SOURCE DATA:
+++
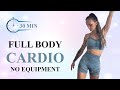 30 MIN FBW CARDIO Workout | Lose Belly Fat | Burn Calories | Get in Shape | No Repeat | No Equipment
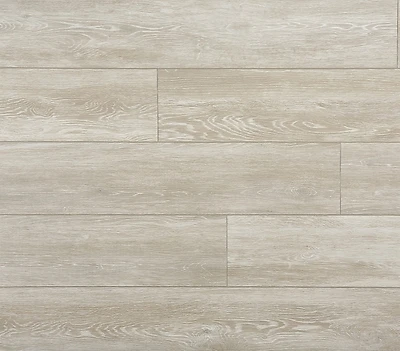 7 In. Waterproof Plank Vinyl Flooring With Ixpe Underlayment - Model Cvp103s04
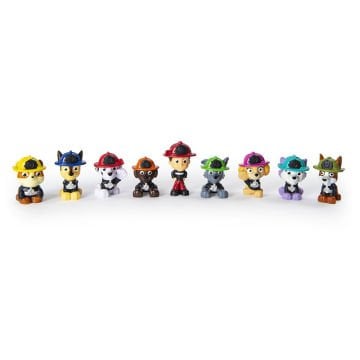 Paw Patrol Mighty Pups Mini Figür Sürpriz Paketi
+++
EXERCISE INSTRUCTIONS: Transcribe the full listing above exactly as it stands, minus the pictures.

WRITTEN RESPONSE:
 30 MIN FBW CARDIO Workout | Lose Belly Fat | Burn Calories | Get in Shape | No Repeat | No Equipment
 7 In. Waterproof Plank Vinyl Flooring With Ixpe Underlayment - Model Cvp103s04
 Paw Patrol Mighty Pups Mini Figür Sürpriz Paketi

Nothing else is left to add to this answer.